Goods and Service Tax, or GST, has been marketed under the slogan “one nation one tax”. GST combines 15+ taxes which were levied on businesses and makes them comply with one standardized act across the country. This has been the main selling point of GST. However, GST has some more features which will also change the way business is done in India.
In a previous article, we had seen how GST would be stronger than demonetisation when it comes to the war on black money. GST is based on an elaborate online filing process, which maintains a digital chain of the goods or services traversing through out the country. Every business buying and selling goods is tracked, and any break in the chain (presumably to sell the goods or services without paying tax), is easily noticeable. The only way one can avoid getting caught would be to create a supply chain which at all levels, does not interact with the GST network. This is a challenging task.
Besides this, there is another feature in GST which will help broaden the tax base, and anecdotal evidence already points to this. Statistical evidence would probably emerge over the coming years. This feature is called “Reverse Charge Mechanism”, commonly known as RCM.
RCM per se is not a new feature in Indian taxation. It also existed in the service tax regime, but there has been a bit of tinkering, which makes it a potent tool in GST.
The concept is simple: In a normal sale transaction, the seller charges you for the goods as well the tax chargeable on the goods. This is know as forward charge. But in certain specified transaction, the seller may not charge you tax: he may be an unregistered seller (out of the tax net) or he may a specified class of seller, who has been given this benefit of lower compliance burden. In such cases, Reverse charge or RCM kicks in, where the buyer has to pay tax on behalf of the seller. The buyer of course gets credit of this tax paid, and thus it is not a loss.
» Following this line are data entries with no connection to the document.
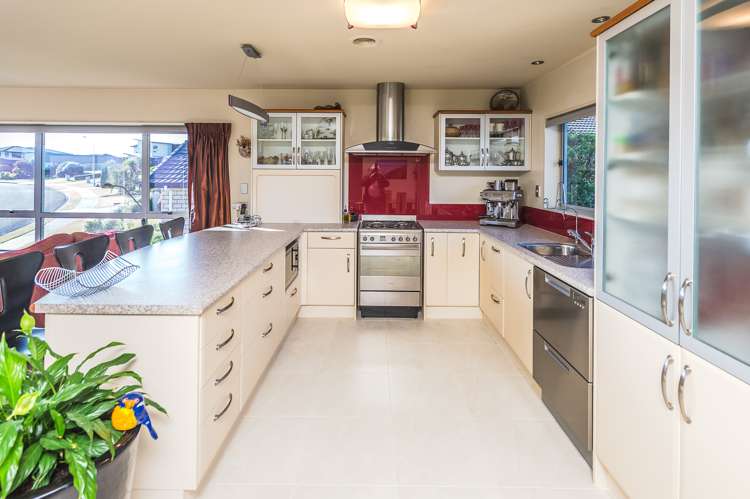 16 Lithgow Drive Otamatea_1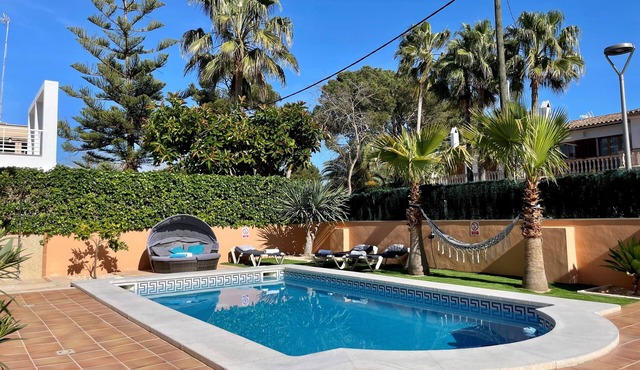 Vacation home with pool for 8 people 200 m to the beach.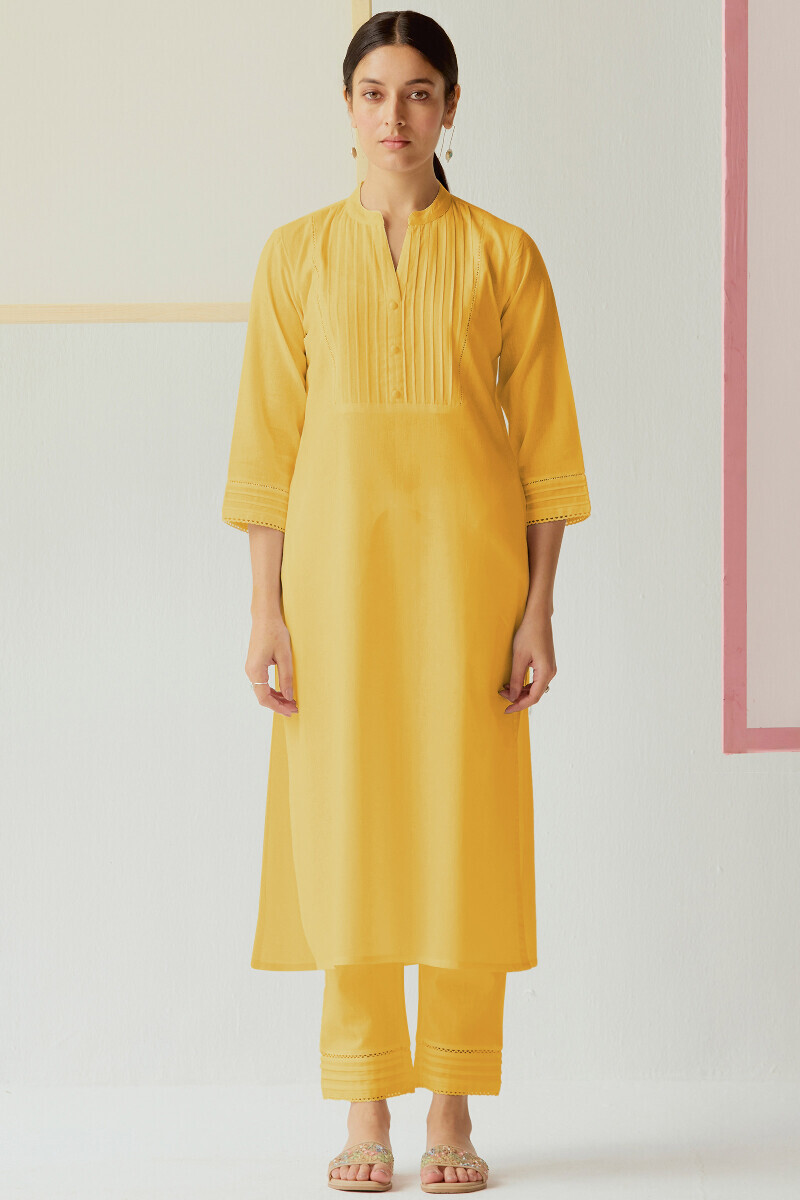Yellow Handcrafted Gauze Slub Narrow Pants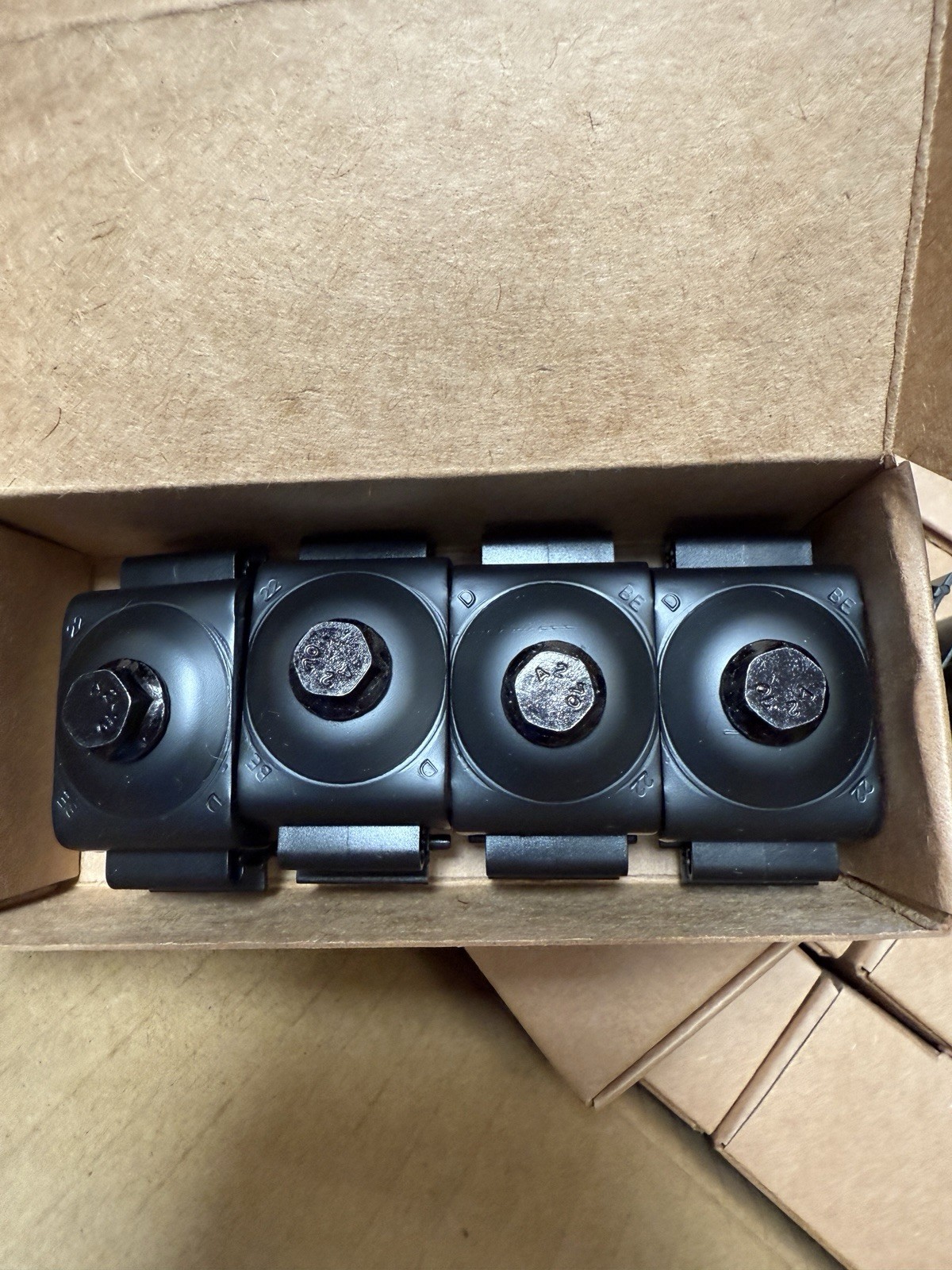 SunPower Invisimount Solar Mid Clamp — Quantity 4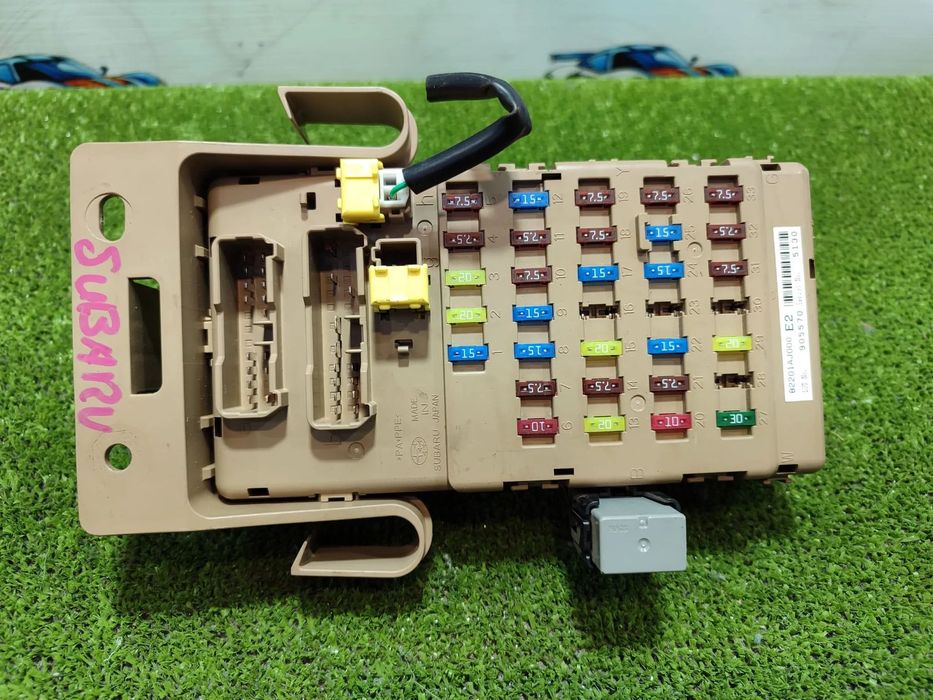 TABLOU / PANOU SIGURANTE SUBARU LEGACY SE 2.0 DIESEL 2009 COD OEM 82201AJ000 / BREAK 2009-2014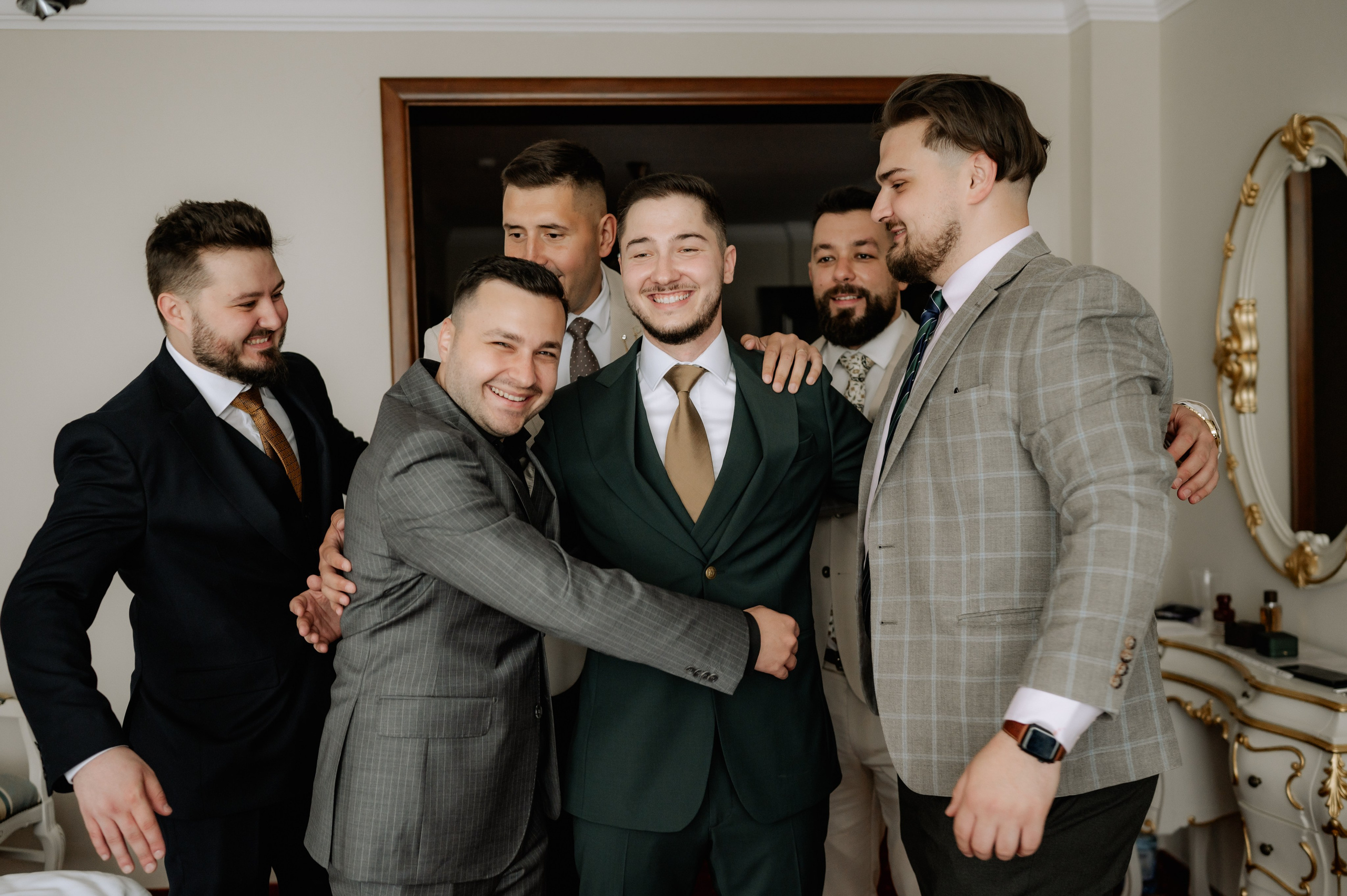 Nunta la Hotel Capitol Iasi. Proud Vision Weddings | Wedding Photography & Film — Servicii profesionale Foto Video Nunta Iasi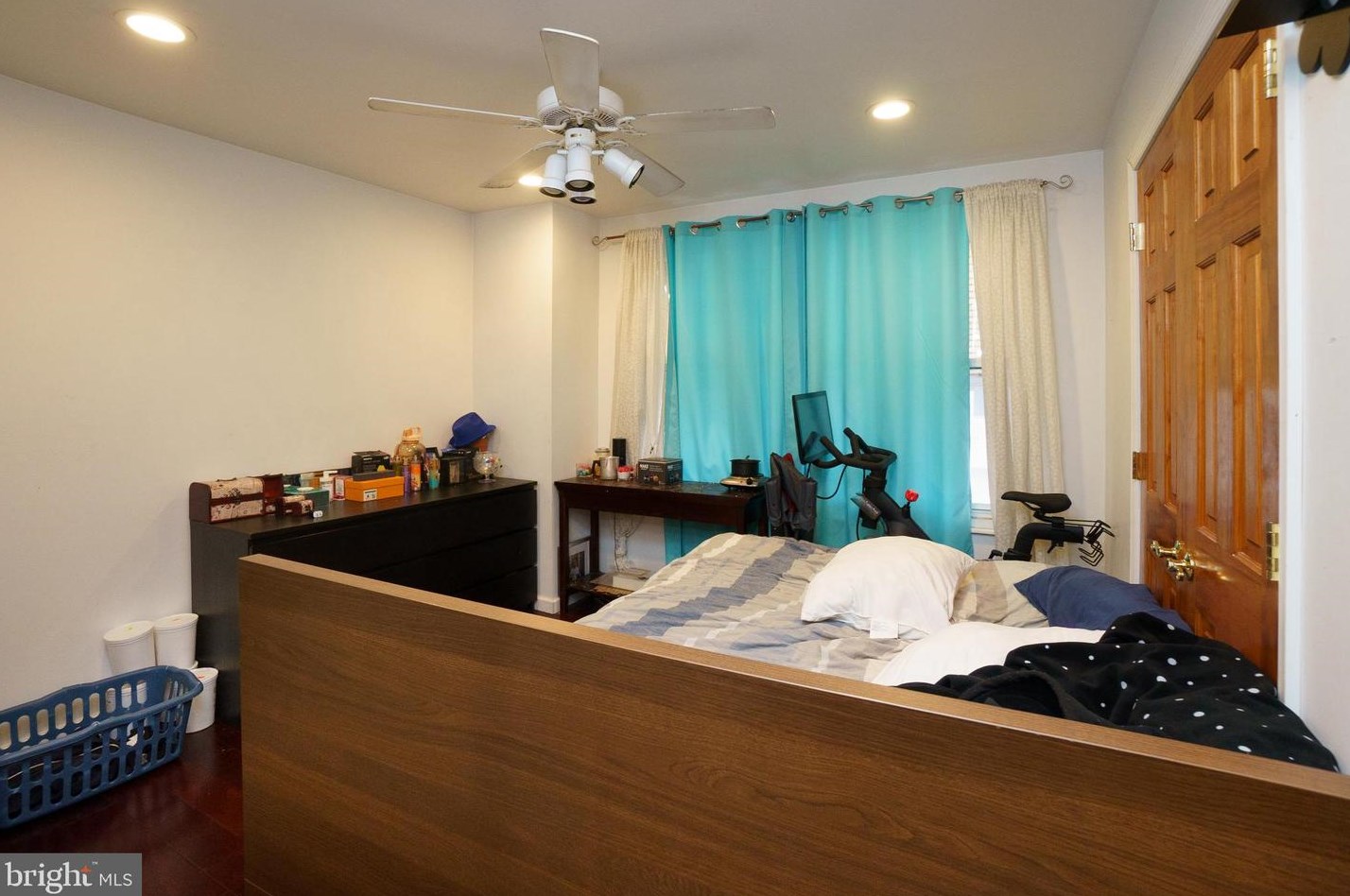 1516 Newkirk St, Philadelphia PA 19132-2532 exterior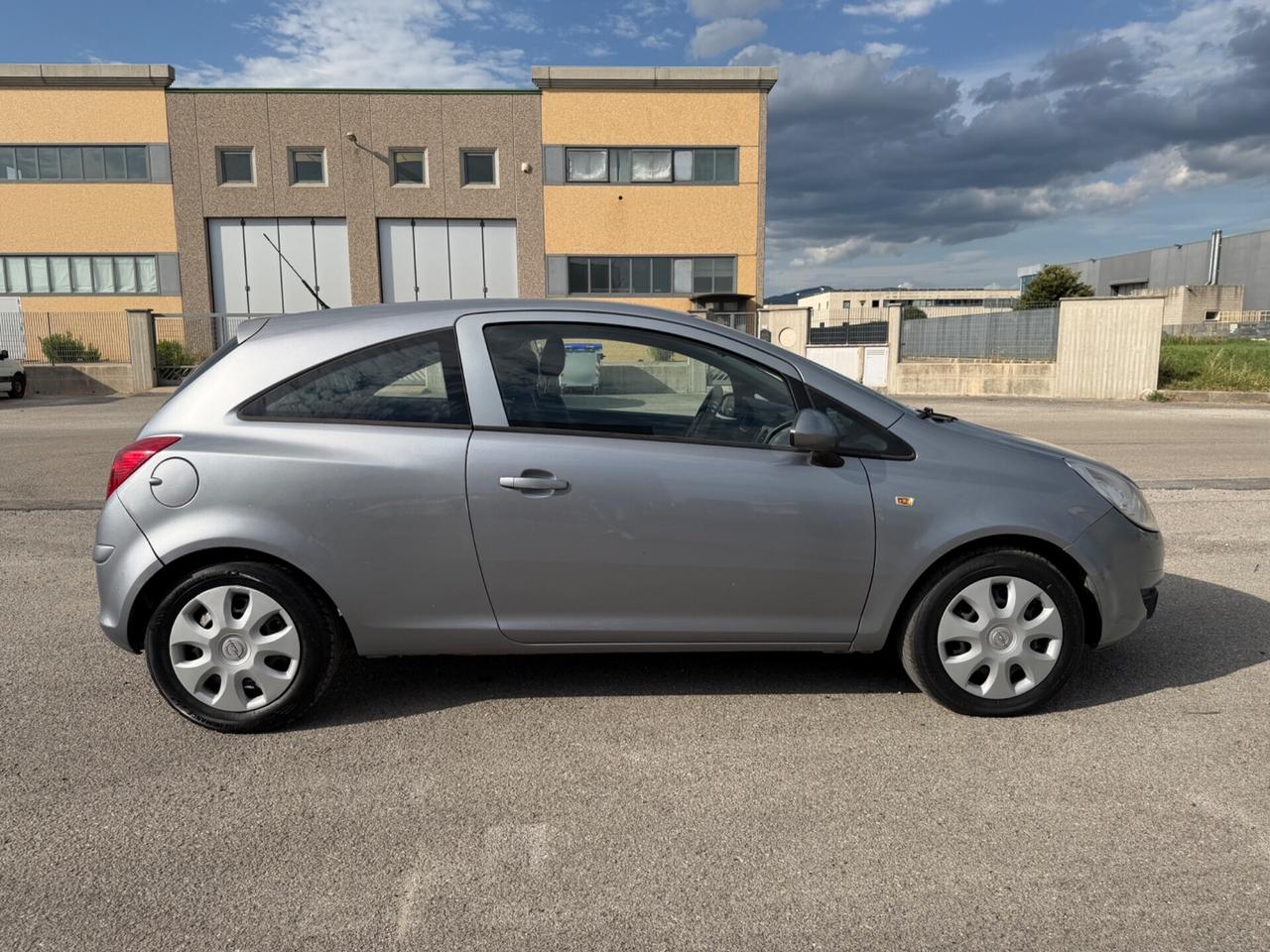 Opel Corsa 1.2 3 porte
In GST, this RCM is mandated on two types of transactions:
a. Purchase from specified classes of dealers, who have been given the benefit of lower compliance.
b. Purchase from each and every dealer, who is not registered under GST.
When a GST registered business deals with such persons, it has to: calculate the tax leviable on such purchase, pay the tax, raise a self invoice (on behalf of the seller), and then claim the input of such tax paid. In short, the GST law penalises a registered business (by increased compliance burden) for dealing with such persons, especially persons who are unregistered in GST.
Thus, registered businesses have only two choices:
1. Make the unregistered supplier get registered, so that he collects tax on forward charge basis, and reduces the burden on the registered purchaser.
2. Comply with the RCM mechanism and pay the tax on behalf of the unregistered supplier.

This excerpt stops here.